Finance minister Patrick Chinamasa’s US$4,1 billion 2017 National Budget has many deficiencies but two prominent ones have stuck out like a sore thumb: the celebration of mediocrity and the government’s stark refusal to live within its means.
Comment: The Zimbabwe Independent Editor
Once upon a time, Zimbabwe was an economic powerhouse in this part of Africa. Today, we are the problem child of an entire continent.
If we agree that a national budget is the single most important policy document of any government, we must also appreciate the need to subject the 2017 budget to meticulous scrutiny.
The size of the national budget should worry everyone. It has shrunk and stagnated since 2013, proving that the ZimAsset economic blueprint is a hollow political wish list with nothing useful to offer the long-suffering people of Zimbabwe.
Let’s put the size of the budget into proper perspective. Shoprite, a South African supermarket chain, posted a turnover of R130 billion in the year ending June 2016. This means Zimbabwe’s 2017 budget is less than half the turnover of a group of retail shops. In the circumstances, should we really be surprised that the South African company made a strategic decision to withdraw from Zimbabwe?
The underwhelming size of the budget is not the only headache. Government’s profligate spending, the refusal to live within its means, has become a major source of economic turmoil.
This failure to abide by the basic tenets of fiscal prudence is even reflected in the 2017 budget’s total projected revenue figure of US$3,7 billion. How on earth will the government finance the US$400 million deficit? It is trite economics that a government which budgets for failure cannot inspire confidence.

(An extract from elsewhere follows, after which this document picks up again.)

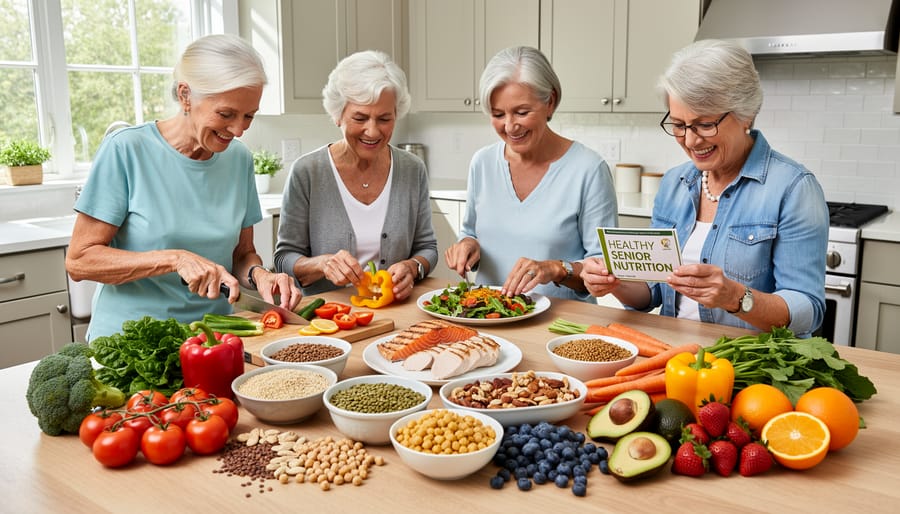 Overhead view of senior preparing healthy meal with fresh vegetables, fruits, and nutritious ingredients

The government lacks fiscal discipline. There is no demonstrable willingness to maintain smooth financial system operations or uphold long-term fiscal health and stability.

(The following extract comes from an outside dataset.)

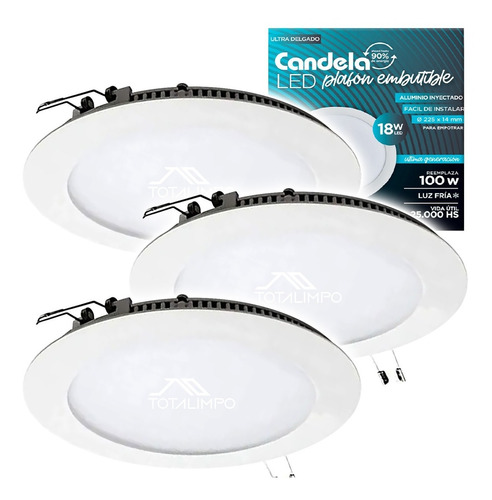 3 Plafones Led Redondos Embutir 18w Fría Candela 6821 Cuota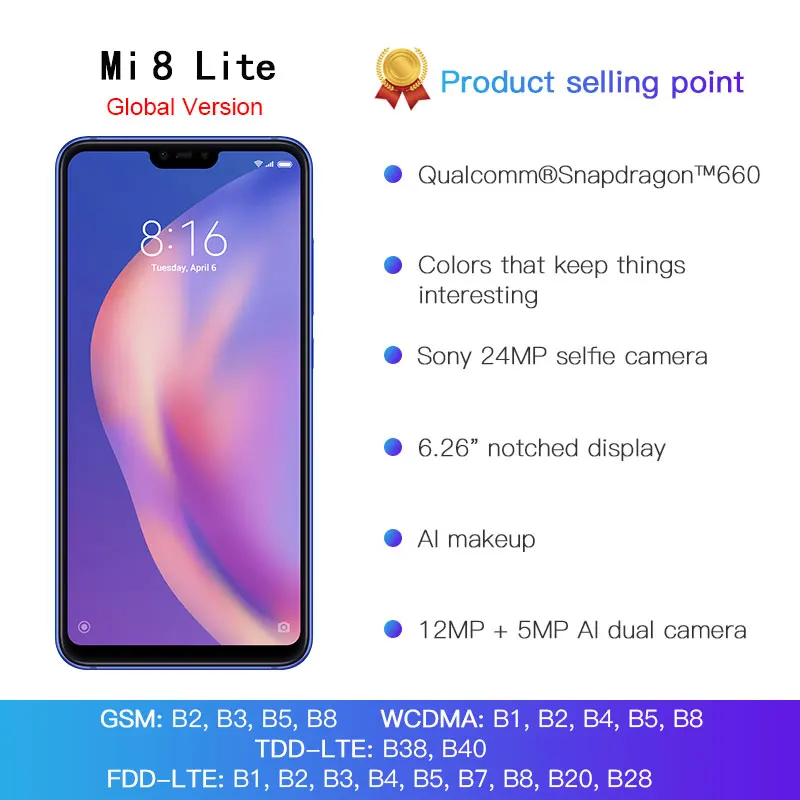 Глобальная версия Xiaomi Mi 8 Lite 6 ГБ 128 Встроенная память Мобильный телефон Snapdragon 660 Octa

Government domestic debt — which stood at US$3,7 billion as at October 2016 — is clearly unsustainable. In a normal economy, Treasury Bills (TBs) are a useful short-term instrument for raising funds via open market operations. But in Zimbabwe’s case, TBs have not been deployed prudently. In fact, TBs are a ticking time bomb. Long before bond notes spooked the market, the authorities were churning out TBs which, to all intents and purposes, were effectively a local currency by another name.
TBs constitute a major component of government domestic debt. Taking into consideration the high likelihood of default upon maturity by the broke government, the commercial paper is posing significant systemic risk to banks and the entire financial sector.

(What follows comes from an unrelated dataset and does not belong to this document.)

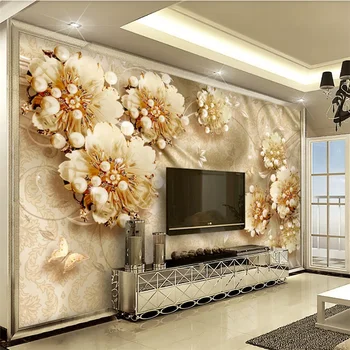 beibehang Vlastnú tapetu 3d nástenná maľba pearl flower troch-dimenzionální šperky pozadí steny obývacia izba ozdobné maľovanie nástenná maľba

President Robert Mugabe’s government knows the solution to all this: far-reaching reforms. Predictably, there is a stubborn reluctance to ring in the changes. The political will is simply not there— that is why the Zimbabwean crisis is essentially centred on leadership failure. But Mugabe must be told that the pressing need for austerity is no longer a dismissible opposition slogan, but a strategic imperative for national survival.